Records from a collection:
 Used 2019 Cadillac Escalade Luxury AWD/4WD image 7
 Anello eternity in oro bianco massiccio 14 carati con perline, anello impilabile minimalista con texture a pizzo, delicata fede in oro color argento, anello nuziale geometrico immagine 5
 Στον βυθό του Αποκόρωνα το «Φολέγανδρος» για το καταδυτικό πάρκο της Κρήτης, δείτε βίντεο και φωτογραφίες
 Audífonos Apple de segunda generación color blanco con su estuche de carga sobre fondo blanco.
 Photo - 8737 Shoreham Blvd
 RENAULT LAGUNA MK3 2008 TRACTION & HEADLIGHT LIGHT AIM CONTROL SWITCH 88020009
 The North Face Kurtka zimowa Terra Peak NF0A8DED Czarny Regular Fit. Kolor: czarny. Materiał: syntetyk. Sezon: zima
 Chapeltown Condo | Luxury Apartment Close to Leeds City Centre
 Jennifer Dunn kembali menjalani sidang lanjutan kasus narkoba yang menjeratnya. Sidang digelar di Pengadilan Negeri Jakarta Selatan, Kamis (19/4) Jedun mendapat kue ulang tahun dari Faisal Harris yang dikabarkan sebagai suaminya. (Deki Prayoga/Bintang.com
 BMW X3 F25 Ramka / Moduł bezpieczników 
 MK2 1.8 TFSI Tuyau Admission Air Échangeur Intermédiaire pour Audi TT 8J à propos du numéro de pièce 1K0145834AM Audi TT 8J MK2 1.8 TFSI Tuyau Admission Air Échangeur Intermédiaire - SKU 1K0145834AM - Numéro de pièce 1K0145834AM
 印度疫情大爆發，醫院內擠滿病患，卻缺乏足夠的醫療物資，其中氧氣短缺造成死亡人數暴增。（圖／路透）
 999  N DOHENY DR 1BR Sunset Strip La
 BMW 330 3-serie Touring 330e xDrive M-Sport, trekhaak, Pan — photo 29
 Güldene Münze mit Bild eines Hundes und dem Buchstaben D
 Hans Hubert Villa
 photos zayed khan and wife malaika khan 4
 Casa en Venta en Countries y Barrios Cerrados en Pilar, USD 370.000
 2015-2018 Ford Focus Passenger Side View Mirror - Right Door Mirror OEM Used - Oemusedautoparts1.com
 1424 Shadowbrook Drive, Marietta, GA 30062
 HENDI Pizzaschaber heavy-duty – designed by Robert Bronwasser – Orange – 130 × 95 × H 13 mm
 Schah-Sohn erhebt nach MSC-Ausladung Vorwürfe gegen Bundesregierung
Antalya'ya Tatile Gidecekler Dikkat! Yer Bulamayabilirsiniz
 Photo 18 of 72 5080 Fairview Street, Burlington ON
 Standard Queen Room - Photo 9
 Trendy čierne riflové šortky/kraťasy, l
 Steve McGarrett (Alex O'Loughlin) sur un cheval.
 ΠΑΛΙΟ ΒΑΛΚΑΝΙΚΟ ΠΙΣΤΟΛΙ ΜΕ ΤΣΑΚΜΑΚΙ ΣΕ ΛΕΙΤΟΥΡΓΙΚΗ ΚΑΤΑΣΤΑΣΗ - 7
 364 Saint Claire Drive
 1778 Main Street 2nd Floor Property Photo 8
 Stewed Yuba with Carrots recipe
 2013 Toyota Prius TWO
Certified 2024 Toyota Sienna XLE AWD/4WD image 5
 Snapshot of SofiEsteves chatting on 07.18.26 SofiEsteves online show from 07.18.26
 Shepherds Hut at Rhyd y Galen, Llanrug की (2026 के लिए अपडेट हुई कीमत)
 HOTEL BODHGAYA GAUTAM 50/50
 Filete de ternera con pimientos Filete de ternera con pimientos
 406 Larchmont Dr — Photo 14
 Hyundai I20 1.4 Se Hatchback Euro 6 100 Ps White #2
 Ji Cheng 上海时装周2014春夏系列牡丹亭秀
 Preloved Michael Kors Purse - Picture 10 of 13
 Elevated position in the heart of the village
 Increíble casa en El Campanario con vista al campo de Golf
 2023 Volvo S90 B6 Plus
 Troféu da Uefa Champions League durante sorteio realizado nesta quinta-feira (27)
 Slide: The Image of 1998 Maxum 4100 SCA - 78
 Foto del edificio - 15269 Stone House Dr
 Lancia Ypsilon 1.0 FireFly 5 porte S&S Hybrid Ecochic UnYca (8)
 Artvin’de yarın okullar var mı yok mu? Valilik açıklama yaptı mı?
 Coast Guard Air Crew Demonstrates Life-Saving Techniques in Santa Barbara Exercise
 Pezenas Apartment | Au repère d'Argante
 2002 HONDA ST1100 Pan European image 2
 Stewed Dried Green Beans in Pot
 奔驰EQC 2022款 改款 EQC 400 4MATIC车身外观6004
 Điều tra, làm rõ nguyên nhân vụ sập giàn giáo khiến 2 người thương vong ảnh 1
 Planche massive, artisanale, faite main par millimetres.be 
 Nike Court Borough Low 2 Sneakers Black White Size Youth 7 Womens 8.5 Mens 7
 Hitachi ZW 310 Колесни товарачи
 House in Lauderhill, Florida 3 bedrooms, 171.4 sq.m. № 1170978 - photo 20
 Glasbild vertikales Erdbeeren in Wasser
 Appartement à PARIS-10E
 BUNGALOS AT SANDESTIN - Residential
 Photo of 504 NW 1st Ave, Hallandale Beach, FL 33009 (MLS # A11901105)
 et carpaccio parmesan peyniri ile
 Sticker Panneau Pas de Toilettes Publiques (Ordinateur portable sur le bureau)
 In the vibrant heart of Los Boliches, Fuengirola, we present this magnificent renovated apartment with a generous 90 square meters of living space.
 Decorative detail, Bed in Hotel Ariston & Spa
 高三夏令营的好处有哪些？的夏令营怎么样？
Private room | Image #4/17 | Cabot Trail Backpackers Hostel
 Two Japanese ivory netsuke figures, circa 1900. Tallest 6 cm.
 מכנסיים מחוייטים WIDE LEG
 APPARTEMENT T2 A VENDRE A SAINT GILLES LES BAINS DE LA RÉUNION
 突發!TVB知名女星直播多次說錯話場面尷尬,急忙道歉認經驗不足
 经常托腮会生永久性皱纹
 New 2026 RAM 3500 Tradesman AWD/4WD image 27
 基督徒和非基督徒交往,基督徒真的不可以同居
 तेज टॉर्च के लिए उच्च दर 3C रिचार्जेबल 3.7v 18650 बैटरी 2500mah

### Problem details
Search the data above and return each line in which "House" occurs.

### The answer
 Foto del edificio - 15269 Stone House Dr
 House in Lauderhill, Florida 3 bedrooms, 171.4 sq.m. № 1170978 - photo 20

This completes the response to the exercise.